In 20 anni di utilizzo ripetuto su colture erbacee, i fanghi di depurazione hanno mostrato di poter effettivamente accrescere la fertilità del terreno. Ciò, in aggiunta ai buoni risultati produttivi ottenibili, rende questa pratica consigliabile, almeno a certe condizioni. In particolare, non oltrepassare la dose consentita dalla legge è apparso importante per i fanghi liquidi e disidratati.
Nello specifico si è visto che il compost prodotto dai fanghi di depurazione è in grado di massimizzare i risultati sulla fertilità del suolo senza danneggiare la qualità dei prodotti.
Paolo Mantovi del Crpa (Centro ricerche produzioni animali di Reggio Emilia) ha presentato, in febbraio, ad un convegno organizzato dal Consorzio italiano biogas (Cib), i risultati dello studio da lui seguito sull’utilizzo dei fanghi di depurazione come alternativa alle concimazioni minerali.
«Dal 1988 al 2009 sono state condotte dal Crpa, presso l’azienda agraria sperimentale “M. Marani” (Ra) delle prove agronomiche sull’utilizzo di fanghi digeriti, con la collaborazione del Dista dell’Università di Bologna» spiega Mantovi.
«Sono state somministrate 3 diverse tipologie di fango (liquido, disidratato, compostato), ognuna utilizzata a due diverse dosi 5 t/ha di s.s./ha/anno e 10 t/ha di s.s./ha/anno.

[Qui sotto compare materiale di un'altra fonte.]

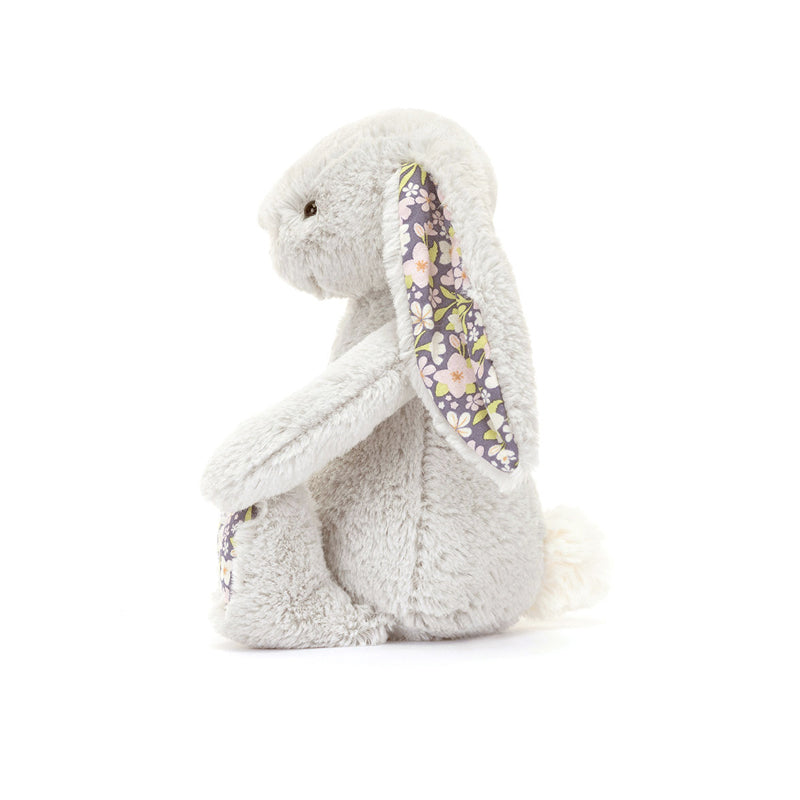 A small plush toy resembling a gray bunny with floral patterns on its ears and feet, and a white backdrop.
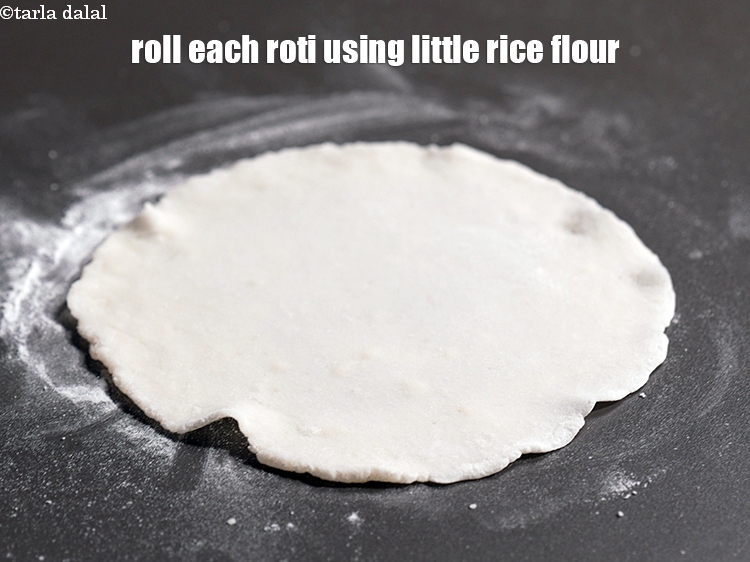 Step 11 – Divide and roll each portion of the dough into 6 inch diameter roti using little …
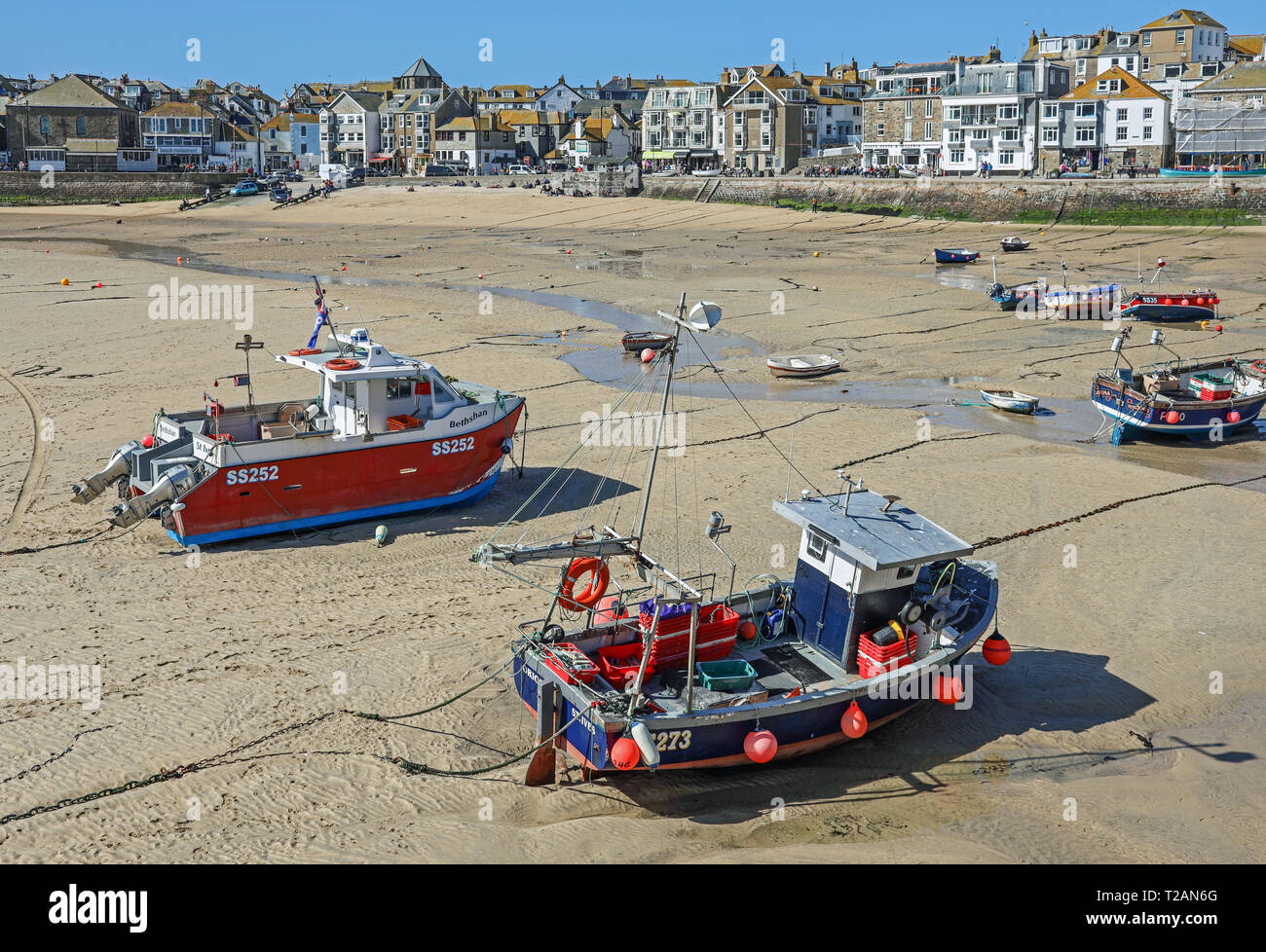 Fishing boats on the harbour beach at St Ives, a fishing port and holiday resort in north Cornwall, with tide out Stock Photo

Sui campioni di terreno prelevati, sono stati determinati il pH, i contenuti di sostanza secca, di sostanza organica, di azoto totale, di fosforo, di potassio. In termini generali, il digestato agrozootecnico, rispetto ai fanghi digeriti presenta un minor contenuto di ceneri sulla sostanza secca, un tenore di fosforo più basso, mentre il rapporto carbonio-azoto non presenta differenze sostanziali».